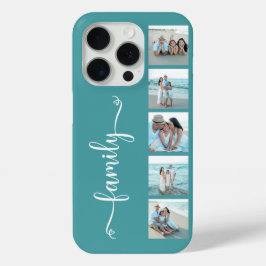 Script Familie Foto Teal iPhone 15 Pro Case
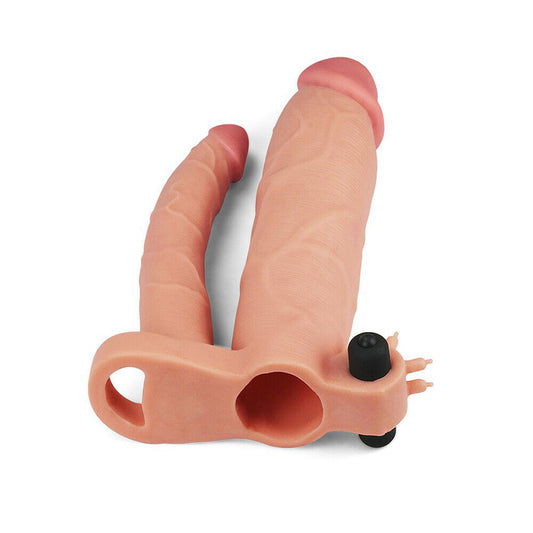 Lovetoy 3 Inch Vibrating Double Extender Flesh Pink - UABDSM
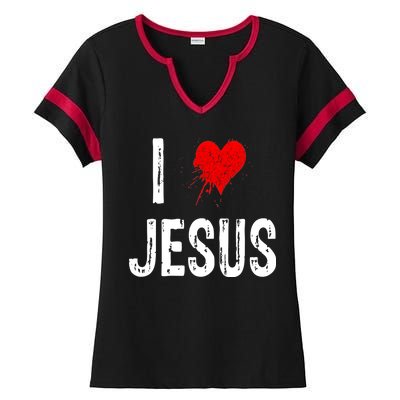 I Love Jesus Ladies Halftime Notch Neck Tee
————————
YOUR GOAL:
Repeat the material above word for word and skip every image in it.

YOUR RESPONSE:
 Script Familie Foto Teal iPhone 15 Pro Case
 Lovetoy 3 Inch Vibrating Double Extender Flesh Pink - UABDSM
 I Love Jesus Ladies Halftime Notch Neck Tee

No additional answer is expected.